Oncanplaythrough vs. oncanplay

Both work.
Which should be used?

A radio stream would be considered what?
I don’t believe there is buffering involved with that.
http://hi5.1980s.fm/;

oncanplay

The canplay event is fired when the user agent can play the media, but estimates that not enough data has been loaded to play the media up to its end without having to stop for further buffering of content.

player.oncanplay = function () {
        if (value.value !== "") {
            canPlay = true;
            playPauseIcon(true);
        }
    };

oncanplaythrough

The canplaythrough event is fired when the user agent can play the media and estimates that enough data has been loaded to play the media up to its end without having to stop for further buffering of content.

player.oncanplaythrough = function () {
        if (value.value !== "") {
            canPlay = true;
            playPauseIcon(true);
        }
    };

Take a look at this, from the MDN – The difference is subtle.

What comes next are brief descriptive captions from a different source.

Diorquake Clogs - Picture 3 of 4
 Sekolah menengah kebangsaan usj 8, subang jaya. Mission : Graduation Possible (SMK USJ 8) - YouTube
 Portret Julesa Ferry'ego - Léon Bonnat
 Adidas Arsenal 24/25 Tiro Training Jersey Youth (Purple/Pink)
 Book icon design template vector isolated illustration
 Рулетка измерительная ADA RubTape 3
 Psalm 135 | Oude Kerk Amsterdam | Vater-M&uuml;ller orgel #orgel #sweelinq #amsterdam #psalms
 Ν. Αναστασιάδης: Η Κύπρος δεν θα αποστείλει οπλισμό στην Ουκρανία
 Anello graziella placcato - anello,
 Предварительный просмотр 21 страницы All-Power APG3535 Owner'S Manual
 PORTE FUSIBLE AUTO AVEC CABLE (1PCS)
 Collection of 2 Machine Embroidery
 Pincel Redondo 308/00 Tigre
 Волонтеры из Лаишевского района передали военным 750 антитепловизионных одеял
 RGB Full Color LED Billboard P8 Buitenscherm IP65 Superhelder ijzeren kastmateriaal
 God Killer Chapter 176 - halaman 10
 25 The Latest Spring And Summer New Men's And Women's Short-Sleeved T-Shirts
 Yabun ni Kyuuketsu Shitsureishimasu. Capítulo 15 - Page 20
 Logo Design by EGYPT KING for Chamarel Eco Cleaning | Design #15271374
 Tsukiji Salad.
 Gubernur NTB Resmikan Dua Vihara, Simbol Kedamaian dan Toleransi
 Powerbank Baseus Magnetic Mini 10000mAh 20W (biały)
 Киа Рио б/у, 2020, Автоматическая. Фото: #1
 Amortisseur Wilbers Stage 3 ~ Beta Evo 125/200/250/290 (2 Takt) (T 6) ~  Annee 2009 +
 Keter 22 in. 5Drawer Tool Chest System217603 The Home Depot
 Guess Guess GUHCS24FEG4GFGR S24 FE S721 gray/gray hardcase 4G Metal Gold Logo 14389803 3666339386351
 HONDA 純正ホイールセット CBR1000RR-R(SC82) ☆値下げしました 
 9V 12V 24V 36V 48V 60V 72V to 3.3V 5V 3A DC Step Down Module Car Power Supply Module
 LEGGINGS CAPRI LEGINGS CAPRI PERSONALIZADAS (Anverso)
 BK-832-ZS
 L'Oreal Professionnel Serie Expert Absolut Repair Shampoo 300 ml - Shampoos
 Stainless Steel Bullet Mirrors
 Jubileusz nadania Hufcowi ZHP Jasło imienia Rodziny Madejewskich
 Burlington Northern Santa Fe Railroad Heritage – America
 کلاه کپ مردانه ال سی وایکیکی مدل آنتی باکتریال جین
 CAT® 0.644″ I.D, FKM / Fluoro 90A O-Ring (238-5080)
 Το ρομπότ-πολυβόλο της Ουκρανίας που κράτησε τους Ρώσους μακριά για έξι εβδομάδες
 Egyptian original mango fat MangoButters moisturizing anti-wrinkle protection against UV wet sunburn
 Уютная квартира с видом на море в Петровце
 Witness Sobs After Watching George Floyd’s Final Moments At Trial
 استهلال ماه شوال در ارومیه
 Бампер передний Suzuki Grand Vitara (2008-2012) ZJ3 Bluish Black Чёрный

canplay The browser can play the media, but estimates that not enough data has been loaded to play the media up to its end without having to stop for further buffering of content.
canplaythrough The browser estimates it can play the media up to its end without stopping for content buffering.

So which do you use? In your case, it doesn’t matter. In either case, the browser thinks it has a valid media element. In the first, it may have to buffer; in the second, it shouldn’t.

But, for your purposes, I would probably use canplay – if you use canplaythrough it won’t run until a bit later on slower connections.